[Task goal]
Look through the data that follows and copy each line with the string "Blue".

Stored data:
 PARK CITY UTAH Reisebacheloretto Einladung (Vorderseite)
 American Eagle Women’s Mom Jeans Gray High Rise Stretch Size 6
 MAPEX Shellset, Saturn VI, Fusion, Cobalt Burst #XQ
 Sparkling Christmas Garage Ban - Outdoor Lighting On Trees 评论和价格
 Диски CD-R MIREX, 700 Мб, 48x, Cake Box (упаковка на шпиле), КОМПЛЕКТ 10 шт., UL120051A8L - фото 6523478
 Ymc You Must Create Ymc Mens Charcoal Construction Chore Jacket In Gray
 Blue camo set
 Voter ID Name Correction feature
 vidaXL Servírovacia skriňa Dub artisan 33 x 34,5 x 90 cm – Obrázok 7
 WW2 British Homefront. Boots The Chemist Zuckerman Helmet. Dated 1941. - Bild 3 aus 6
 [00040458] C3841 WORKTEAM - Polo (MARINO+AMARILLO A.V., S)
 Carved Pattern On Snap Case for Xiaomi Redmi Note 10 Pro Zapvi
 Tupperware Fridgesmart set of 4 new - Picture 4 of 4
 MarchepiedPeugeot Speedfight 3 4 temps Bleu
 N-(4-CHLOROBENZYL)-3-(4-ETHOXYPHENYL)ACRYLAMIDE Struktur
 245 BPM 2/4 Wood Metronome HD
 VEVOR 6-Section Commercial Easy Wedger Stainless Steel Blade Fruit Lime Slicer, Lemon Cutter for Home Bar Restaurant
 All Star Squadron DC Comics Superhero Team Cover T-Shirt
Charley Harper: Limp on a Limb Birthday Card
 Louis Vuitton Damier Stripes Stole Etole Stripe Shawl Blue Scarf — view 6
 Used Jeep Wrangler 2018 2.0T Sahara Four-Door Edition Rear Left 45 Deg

[Answer to this problem]
 Blue camo set
 Louis Vuitton Damier Stripes Stole Etole Stripe Shawl Blue Scarf — view 6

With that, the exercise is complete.